Exercise brief: Each line below should be retyped exactly, with no pictures.

Source data:
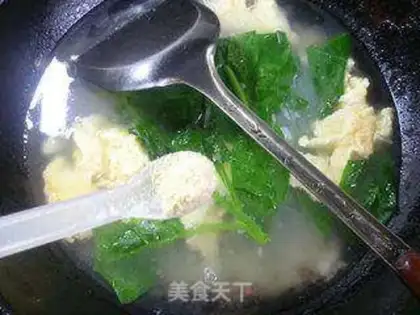 Make Burger egg fan soup step 8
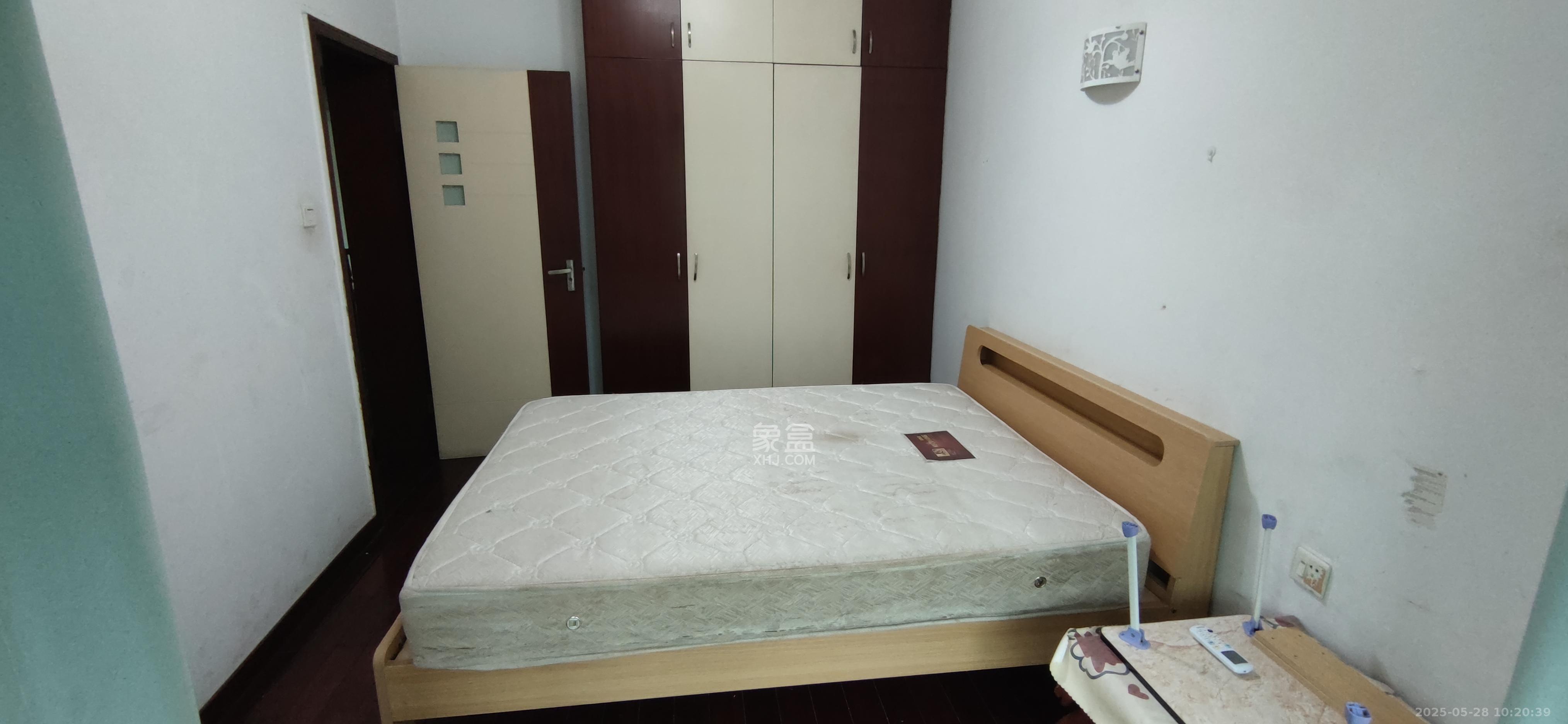 欣安小区  1室1厅1卫   450.00元/月室内图
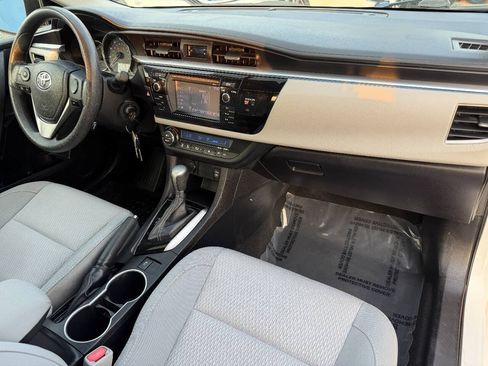 Used 2014 Toyota Corolla LE FWD image 27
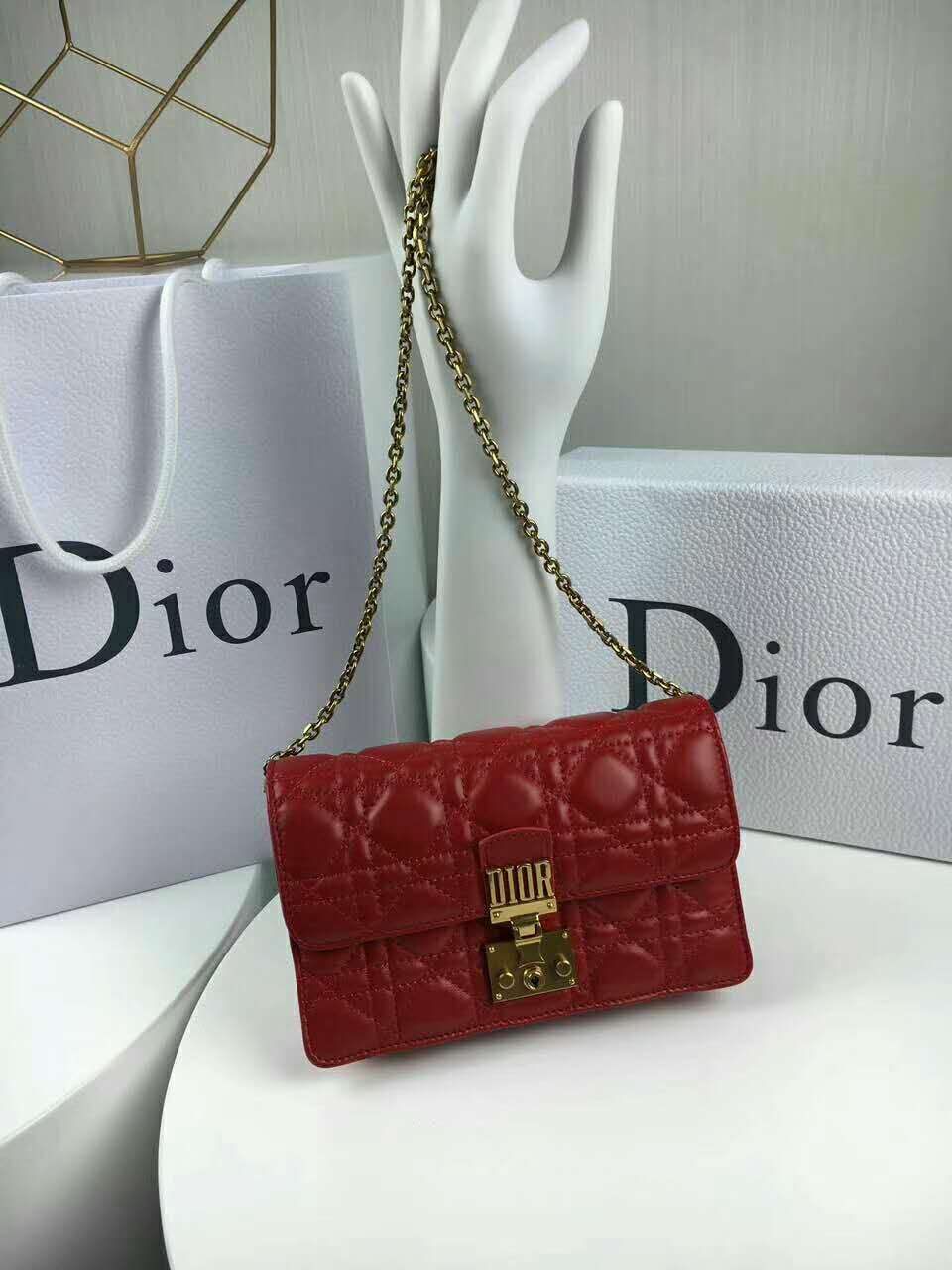 偽物ディオール バッグ DIOR 2024新作 ヴィンテージかぶせ式 チェーンハンドバッグ dr976-2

Expected answer:
 Make Burger egg fan soup step 8
 欣安小区  1室1厅1卫   450.00元/月室内图
 Used 2014 Toyota Corolla LE FWD image 27
 偽物ディオール バッグ DIOR 2024新作 ヴィンテージかぶせ式 チェーンハンドバッグ dr976-2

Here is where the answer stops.